The roots of a “pre-fascist” society lie in the social crisis faced by a nation state.  As examined by Reich, Arendt, Shirer and many others, the “classic” conditions found in Germany and Italy included not only a general economic-social crisis and an ever-increasingly tyrannical state (embodied in a glorious leader), but also the emotional despair of a significant proportion of its people.  For these analysts, the traditional safeguards of bourgeois “democracy” have failed.

To serious consider the warnings raised by Moore, Albright and others as to whether the U.S. is in a “pre-fascist” period one needs to ask whether America is in a period of crisis comparable to that faced, for example, by Germany during the Weimar years of the 1920s?

The U.S. is suffering.  For all Pres.
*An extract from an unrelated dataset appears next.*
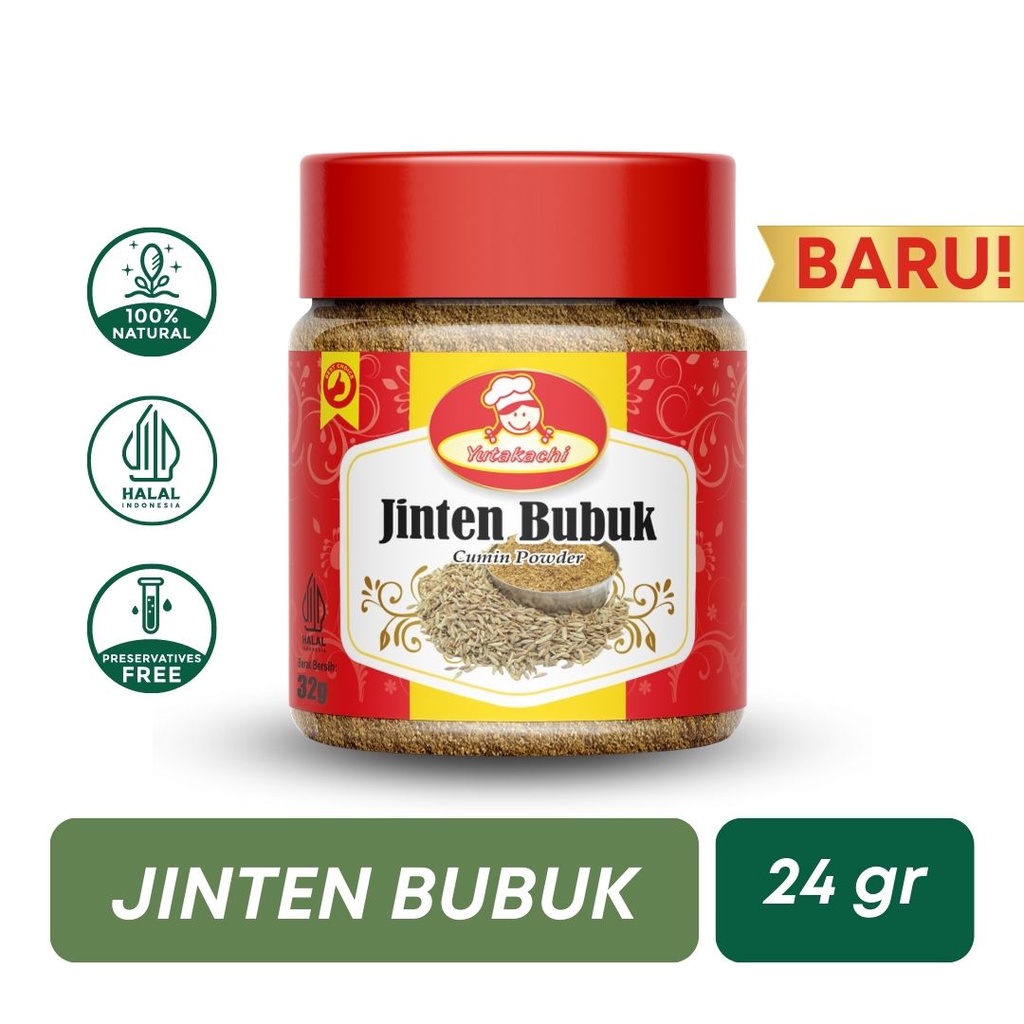 PAKET BUMBU DASAR2 (LADA BUBUK/JINTEN BUBUK/PAPRIKA BUBUK)
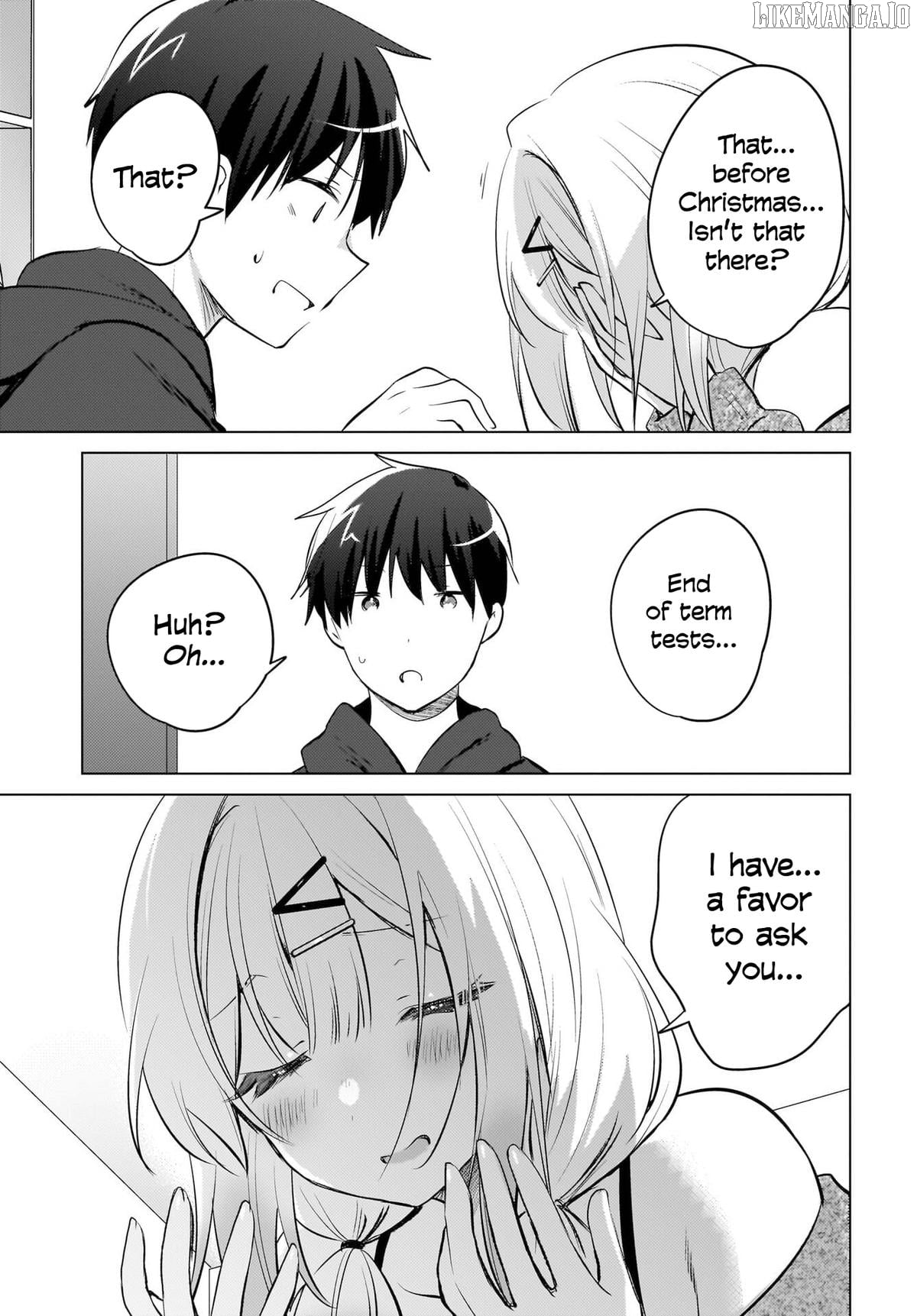 The Gal Sitting Behind Me Likes Me -Maybe I'm Screwed Already- Chapter 19 - page 18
Trump’s bluster, his call to “make America great again” is recognition of this fact.  Inequality is mounting; wages have remained flat for four decades.  Trump’s base of support – white working and “middle” class voters – are living this new reality.

U.S. capitalism is undergoing a period often dubbed “globalization,” a phase best described as institutionalized instability – a phase of development in which nothing is certain, except the uncertainty of the hold-your-breath experience of daily life.  The U.S. is undergoing a structural realignment.  Globalization is recasting both manufacturing and finance, with nation-state loyalties of the 1 percent — the old ruling class — being superseded by new internationalist obligations.

Are the U.S.’s over-bloated military-industrial budget and stalled war efforts in Afghanistan, Iraq and other parts of the Middle East signs that its global military hegemony is coming to an end?   China is emerging as a very real challenge to U.S. economic hegemony and how this plays out over the next couple of decades will determine much of the U.S.’s economic future. And the environmental crisis seems to be only getting worse.

These challenges to traditional economic order are fermenting social instability and one reaction to it has been a rise in violent political confrontations. Among the most violent recent engagements between “white nationalists” and “antifa” – anti-fascist — militants took place in Charlottesville, VA, and other showdowns have erupted in Washington, DC; Berkeley, CA; and Newnan, GA (southwest of Atlanta).  More can be expected as political tensions continue to mount.

Is this period of instability “pre-fascist”?  Much depends on how U.S. socio-economic restructuring plays out – and how the fears experienced by Trump’s hard-core supporters perceive their future and if their numbers increase.  Will their “white skin privilege” be all that they are left with? Will their personal fears be manipulated by America’s “fearless leader,” turning their rage into a violent hatred into of the “other”?

Much of the answer to the question as to whether the U.S. is in a “pre-fascist” period depends of role played by the “insurgent,” “democratic socialist” or “Bernie-ite” factions within the Democratic Party. Do they – along the growing, nationwide groundswell of race-, gender- and community-based activists who daily fight the good fight — represent something new, a true radical alternative?  Will they lead a campaign to dismantle the national security state, one in which no one’s privacy is guaranteed and that could facilitate the imposition of a true state tyranny?  Will they move to establish a new tax system that radically redistributes social wealth, thus loosening the power/influence of the 1 percent and guarantees a socially-secured “good life” for all, thus easing the deepest fears of Trump supporters?  Or will they be co-opted by the corporatist political establishment, like organized labor was a half-century ago, and cheer on the next accommodationist Clinton?

Answers to these questions will determine if we are in a pre-fascist period.